CustomerID | Unique customer ID |
Churn | Churn Flag |
Tenure | Tenure of the customer in the organization |
PreferredLoginDevice | Preferred login device of the customer |
CityTier | City tier |
WarehouseToHome | Distance between the warehouse and the customer’s home |
PreferredPaymentMode | The preferred payment method used by the customer |
Gender | Gender of the customer |
HourSpendOnApp | Number of hours spent on mobile application or website |
NumberOfDeviceRegistered | The total number of deceives registered under the customer’s name |
PreferedOrderCat | Preferred order category of the customer in last month |
SatisfactionScore | A satisfactory score of the customer on service |
MaritalStatus | Marital status of the customer |
NumberOfAddress | Address specifications of the customer |
Complain | Any complaint has been raised in last month |
OrderAmountHikeFromlastYear | Percentage increases in order from last year |
CouponUsed | The total number of coupons that were used last month |
OrderCount | The total number of orders that were placed in last month |
DaySinceLastOrder | Last order made by the customer |
CashbackAmount | Average cashback in last month |
Based on the dataset, there are 5360 observations. The churn column also shows whether a customer has been churned or not. In conclusion, the target variable is churn, and all other columns become feature variables. After the column description and the number of observations are established, let’s study the dataset.
Column Types
This dataset is slightly complex as it features both categorical and continuous data. So, we need to treat the columns differently based on their types. For the models to work, the data needs to be numeric only. Below are the columns along with their data types.
CustomerID | int64 |
Churn | int64 |
Tenure | float64 |
PreferredLoginDevice | object |
CityTier | int64 |
WarehouseToHome | float64 |
PreferredPaymentMode | object |
Gender | object |
HourSpendOnApp | float64 |
NumberOfDeviceRegistered | int64 |
PreferedOrderCat | object |
SatisfactionScore | int64 |
MaritalStatus | object |
NumberOfAddress | int64 |
Complain | int64 |
OrderAmountHikeFromlastYear | float64 |
CouponUsed | float64 |
OrderCount | float64 |
DaySinceLastOrder | float64 |
CashbackAmount | int64 |
Feature Engineering
Feature Engineering refers to the manipulation of features for statistical purposes. In this case, Feature refers to the columns in the observations excluding the target variable. Every machine learning model uses features for predictions, however, not all the features might be used. For instance, there are a few columns that do not statistically impact the target variable. Removal of unnecessary features helps improve model performance and saves time and memory when training the model.
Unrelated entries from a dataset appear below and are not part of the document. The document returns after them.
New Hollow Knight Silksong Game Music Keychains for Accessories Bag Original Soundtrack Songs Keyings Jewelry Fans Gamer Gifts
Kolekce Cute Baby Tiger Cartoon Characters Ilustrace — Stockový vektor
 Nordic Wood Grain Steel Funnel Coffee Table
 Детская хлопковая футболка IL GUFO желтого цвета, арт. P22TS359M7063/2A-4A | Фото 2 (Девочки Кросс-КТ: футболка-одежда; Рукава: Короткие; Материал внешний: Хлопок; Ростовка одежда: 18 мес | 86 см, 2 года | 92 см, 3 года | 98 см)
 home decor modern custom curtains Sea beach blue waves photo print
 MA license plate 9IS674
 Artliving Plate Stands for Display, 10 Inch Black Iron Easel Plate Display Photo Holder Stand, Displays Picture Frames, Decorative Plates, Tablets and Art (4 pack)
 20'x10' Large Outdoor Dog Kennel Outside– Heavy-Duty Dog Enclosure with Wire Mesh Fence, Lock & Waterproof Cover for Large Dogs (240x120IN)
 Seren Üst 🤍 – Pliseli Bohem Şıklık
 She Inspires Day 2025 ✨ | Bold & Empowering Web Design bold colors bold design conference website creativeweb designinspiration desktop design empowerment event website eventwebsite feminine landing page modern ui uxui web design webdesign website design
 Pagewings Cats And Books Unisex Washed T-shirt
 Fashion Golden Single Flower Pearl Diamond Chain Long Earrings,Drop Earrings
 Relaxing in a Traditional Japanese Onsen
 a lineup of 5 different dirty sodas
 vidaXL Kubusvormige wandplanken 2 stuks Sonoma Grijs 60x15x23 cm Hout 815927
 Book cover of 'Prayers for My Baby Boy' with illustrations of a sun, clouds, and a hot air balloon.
In this case, the easiest thing to do is to remove the CustomerID column as it is not about dealing with one specific customer.
The next thing to do is to handle the missing values and remove the non-impacting columns.
Handling Missing Values
This particular dataset has missing values. Fortunately, all these missing values are in the numeric/continuous columns. If that was not the case, the intelligent thing to do is get rid of these observations. But since the columns are constant, one can fill these missing values with the mean of the column. Here’s the list of columns and numbers with missing observations.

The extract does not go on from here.